Applying these aggregations to a column where the average cannot be computed will result in an error. For example, the average is not defined for a column of string values. For more information on removing columns from a table, see drop_columns
. The syntax for using drop_columns
is result = source.drop_columns(cols=["Col1", "Col2"]).sum_by(by=["Col3", "Col4"])
.
sum_by
In this example, sum_by
calculates the total sum of test scores for each Name
. Because a sum cannot be computed for the string column Subject
, this column is dropped before applying sum_by
.
sum_table = source.drop_columns(cols=["Subject"]).sum_by(by=["Name"])
- sum_table
avg_by
In this example, avg_by
calculates the average (mean) of test scores for each Name
. Because an average cannot be computed for the string column Subject
, this column is dropped before applying avg_by
.
mean = source.drop_columns(cols=["Subject"]).avg_by(by=["Name"])
- mean
std_by
In this example, std_by
calculates the sample standard deviation of test scores for each Name
. Because a sample standard deviation cannot be computed for the string column Subject
, this column is dropped before applying std_by
.
std_dev = source.drop_columns(cols=["Subject"]).std_by(by=["Name"])
- std_dev
var_by
In this example, var_by
calculates the sample variance of test scores for each Name
. Because sample variance cannot be computed for the string column Subject
, this column is dropped before applying var_by
.
var = source.drop_columns(cols=["Subject"]).var_by(by=["Name"])
- var
median_by
In this example, median_by
calculates the median of test scores for each Name
. Because a median cannot be computed for the string column Subject
, this column is dropped before applying median_by
.
median = source.drop_columns(cols=["Subject"]).median_by(by=["Name"])
- median
min_by
In this example, min_by
calculates the minimum of test scores for each Name
. Because a minimum cannot be computed for the string column Subject
, this column is dropped before applying min_by
.
minimum = source.drop_columns(cols=["Subject"]).min_by(by=["Name"])
- minimum
max_by
In this example, max_by
calculates the maximum of test scores for each Name
. Because a maximum cannot be computed for the string column Subject
, this column is dropped before applying max_by
.
maximum = source.drop_columns(cols=["Subject"]).max_by(by=["Name"])
- maximum
Aggregate columns in the UI
Single aggregations can be performed in the UI using the Aggregate Columns feature.

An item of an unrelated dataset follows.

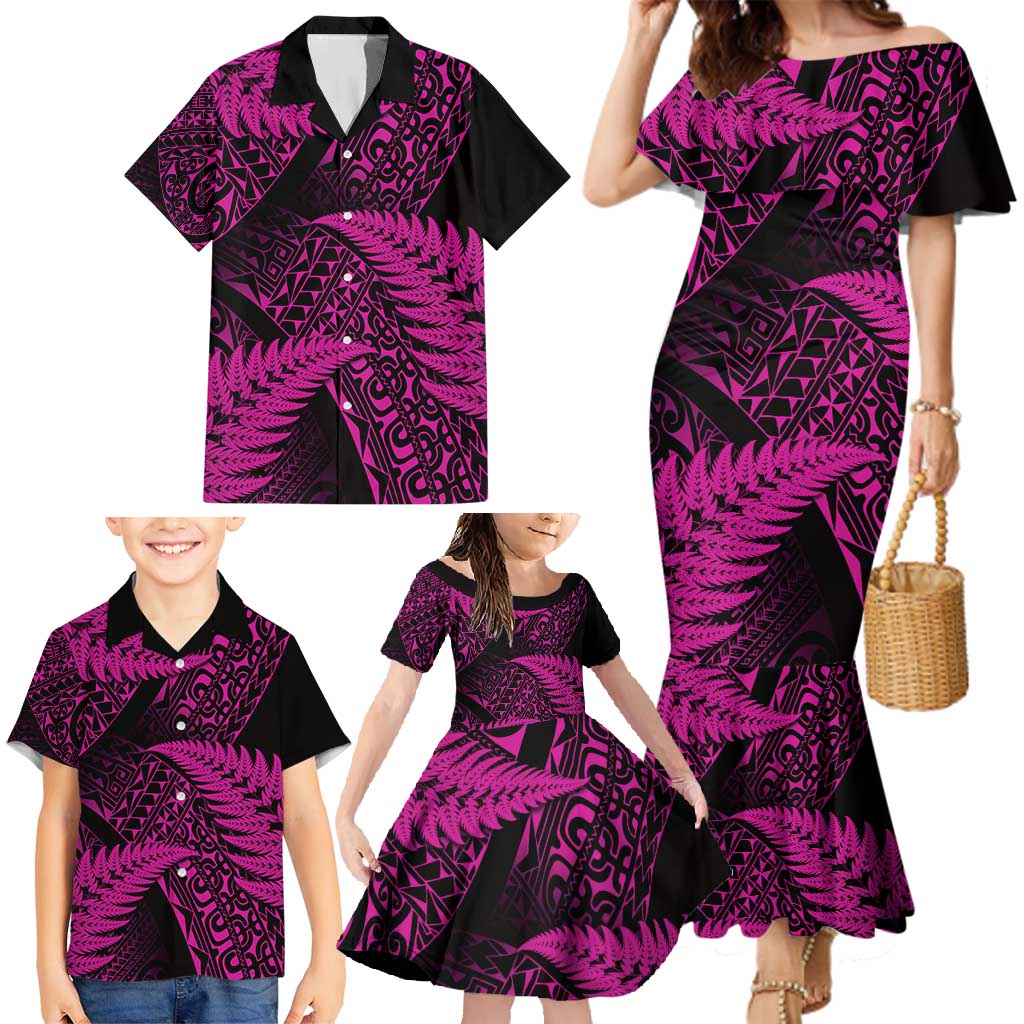 New Zealand Rugby Pacific Personalised Family Matching Mermaid Dress and Hawaiian Shirt All Pink Maori Pasifika Fern Pattern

However, rather than adding the aggregation in its own column as shown in the programmatic examples above, the aggregation is added as a row to the top or bottom of the table. Column data is aggregated using the operation of your choice. This is useful for quickly calculating the sum, average, or other aggregate of a column.
In the example below, we add an Average row and a Minimum row to the top of the table:
These aggregations can be re-ordered, edited, or deleted from the Aggregate Columns dialog.